### Exercise requirements
Look through the records below, and whenever a line contains "Sleeve", copy it.

### Records to process
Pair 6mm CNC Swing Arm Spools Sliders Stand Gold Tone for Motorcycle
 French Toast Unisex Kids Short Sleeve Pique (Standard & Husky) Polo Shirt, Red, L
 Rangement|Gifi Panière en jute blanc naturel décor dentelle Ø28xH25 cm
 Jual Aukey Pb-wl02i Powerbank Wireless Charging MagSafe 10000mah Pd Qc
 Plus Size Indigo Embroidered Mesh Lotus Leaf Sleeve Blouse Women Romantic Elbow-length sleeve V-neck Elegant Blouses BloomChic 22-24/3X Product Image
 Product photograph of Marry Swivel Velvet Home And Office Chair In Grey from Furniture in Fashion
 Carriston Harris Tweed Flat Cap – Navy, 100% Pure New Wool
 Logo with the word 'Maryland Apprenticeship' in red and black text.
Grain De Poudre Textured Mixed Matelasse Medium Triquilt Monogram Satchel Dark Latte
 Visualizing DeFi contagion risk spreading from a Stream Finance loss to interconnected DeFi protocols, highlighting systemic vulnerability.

### Output for this exercise
 French Toast Unisex Kids Short Sleeve Pique (Standard & Husky) Polo Shirt, Red, L
 Plus Size Indigo Embroidered Mesh Lotus Leaf Sleeve Blouse Women Romantic Elbow-length sleeve V-neck Elegant Blouses BloomChic 22-24/3X Product Image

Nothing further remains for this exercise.